The carpets I'm feeding are all orginally wild caught (seized by EPA), and have never been wormed or treated for any other infestations. Whilst I plan on euthanising and freezing the pigeons, it's not as big of a risk as it may seem. Also being housed in a large, outdoor aviary means they aren't as susceptible to parasite infestation as they aren't constantly exposed to their faeces like they would be in a standard indoor enclosure. 

I won't be feeding them to any of my other snakes...

Cheers


----------



## junglepython2 (May 24, 2009)

Just make sure neighbours haven't decided to try and poison them as well.


----------



## Pike01 (May 24, 2009)

Soak some wheat in scotch over night, chuck it to the pigeons and wait 10 mins.


----------



## Noongato (May 24, 2009)

Id put down rabbit traps and then scatter seed everywhere over the top. Hehehee


----------



## Jonno from ERD (May 24, 2009)

That's a brilliant idea Mike! I'll give it a go tomorrow morning. I'm guessing Vodka would work the same way?


----------



## FAY (May 24, 2009)

Hi Jonno, we have caught feral pigeons and fed them to our diamonds.....we keep them in a cage for a week and feed (Obvioulsy) and worm them.


----------



## dottyback (May 27, 2009)

pike1 said:


> Soak some wheat in scotch over night, chuck it to the pigeons and wait 10 mins.


 

other than the loan of a trap from Danny this is the most logical answer!


----------



## geckodan (May 27, 2009)

dottyback said:


> other than the loan of a trap from Danny this is the most logical answer!
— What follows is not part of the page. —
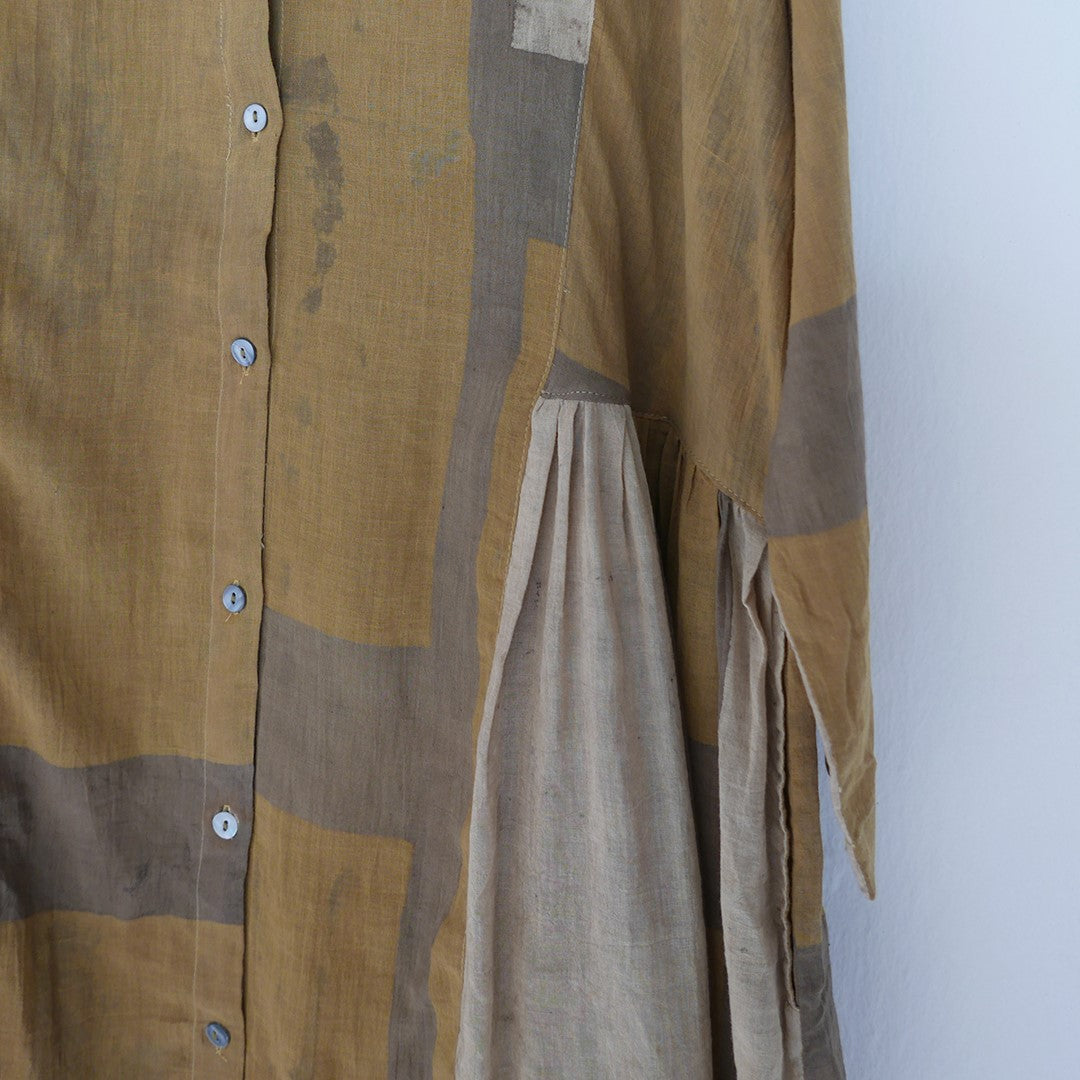 India, Indigene, Side gathered hand printed button-down dress w/ under slip (Ochre/ Beige colour Block)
Although you'll have to wait for the pigeons to sober up before dispatching them. The other problem you have is that the half pissed pigeons don't realise they are drunk until after they have flown back to their perches in the neighbouring tree. They may not all end up in your yard after the party. This tends to draw a lot of unwanted suspicion from neighbours. I'll keep an eye out for you in the local paper "pigeon killer on the loose". It happened once at Uni and drew an awful lot of negative attention.


----------



## redbellybite (May 27, 2009)

geckodan said:


> Although you'll have to wait for the pigeons to sober up before dispatching them. The other problem you have is that the half pissed pigeons don't realise they are drunk until after they have flown back to their perches in the neighbouring tree. They may not all end up in your yard after the party. This tends to draw a lot of unwanted suspicion from neighbours. I'll keep an eye out for you in the local paper "pigeon killer on the loose". It happened once at Uni and drew an awful lot of negative attention.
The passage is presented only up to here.